In this part we examine three training strategies for the proposed method.111To facilitate the verification process, we use ResNet18 for this experiment. Local: Train two CNN components with CE and MSML loss then fine-tuning with FCE with bilinear pooling. Local-Fixed: Same as Local but parameters of two CNN components are fixed during final stage fine-tuning with FCE. Global: All parameters are trained simultaneously. We present the performance of those training strategies in column three. Overall, Global makes the best performance of all three. We may infer that global training strategy is beneficial to multi-loss training.

Training Strategy Methods AUC
Local R18-F-MSML 0.8310
Local-Fixed R18-F-MSML 0.8356
Global R18-F-MSML 0.8388
Table 2: Training strategy of proposed architecture on ChestX-ray14 dataset

3.3 Comparable Study to Other Methods

In this section we show the proposed method can achieve state-of-the-art performance for chest disease detection.

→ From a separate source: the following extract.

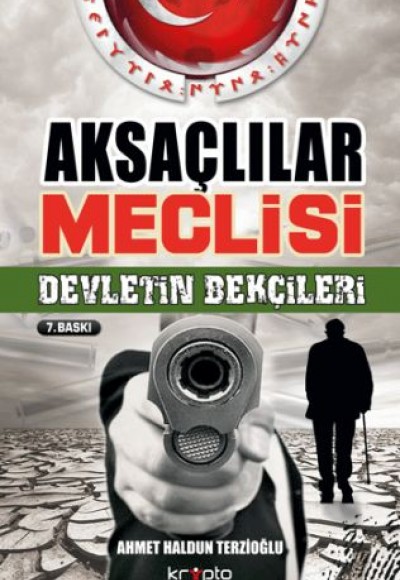 Aksaçlılar Meclisi - Devletin Bekçileri Aksaçlılar Meclisi - Devletin Bekçileri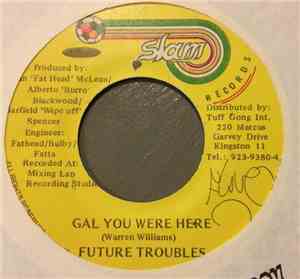 Future Troubles - Gal You Were Here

Recent work in [3] provided state-of-the-art performance on the ChestX-ray14 dataset. This was achieved by fine-tuning the DenseNet-121 on the dataset. Our work shows that if a fine-grained based method is used along with a baseline DenseNet, it can achieve better results. Moreover, our method with a much smaller architecture (R-18) can achieve approcimately the same performance as the one using D121 (0.8438 VS. 0.8413). Yao et al. [2] considers label dependency with recurrent model. Both of us used similar label information, but our method is able to achieve better performance with a more flexible model architecture by adding a new loss to explicitly exploiting label correlations rather than embedding the label information into a recurrent model.

Methods CNN architecture AUC
Wang et al.[1] R-50 0.7363
Yao et al.[2] D121-LSTM 0.7980
Rajpurkar et al.[3] D121 0.8413
Proposed R-18/D-121 0.8438/8.8537
Table 3: Results comparison to other methods from ChestX-ray14 dataset

4 Conclusion

In this article, we demonstrate the effectiveness of using multi-label loss function (MSML) learning of DCNN for multi-label lung disease classification on x-ray inputs. We propose two key contributions :(i) the use of fine-grained classification method that learn discriminative representations and (ii) we proposed a novel MSML for deep learning based model which helps to leverage the class dependencies. MSML can be interpreted as decomposing the multi-label learning problem into a number of independent classification problems while learning separate distributions for the presence of each class with respect to all the absent classes. The rooted softmax property inside MSML is essential to facilitate the learning process in an exponential-sized output space. This property makes it appealing to be used as a for multi-label space learning, to predict multiple labels, also making the model alleviate the over-fitting of negative classes because absence classes’ outputs are suppressed with respect to each presence class. In medical data, presence of multiple data and imbalance of data is very common. Proposed MSML can handle both of these problems explicitely and embeds the capability into the network. We have illustrated the effectiveness of such approach though an improvement of AUC-ROC score in disease classification in the ChestX-ray14 dataset. However, the similar problem occurs in other medical data from real world. Therefore, the proposed loss function provides a new direction to attain improved performance for wider medical data.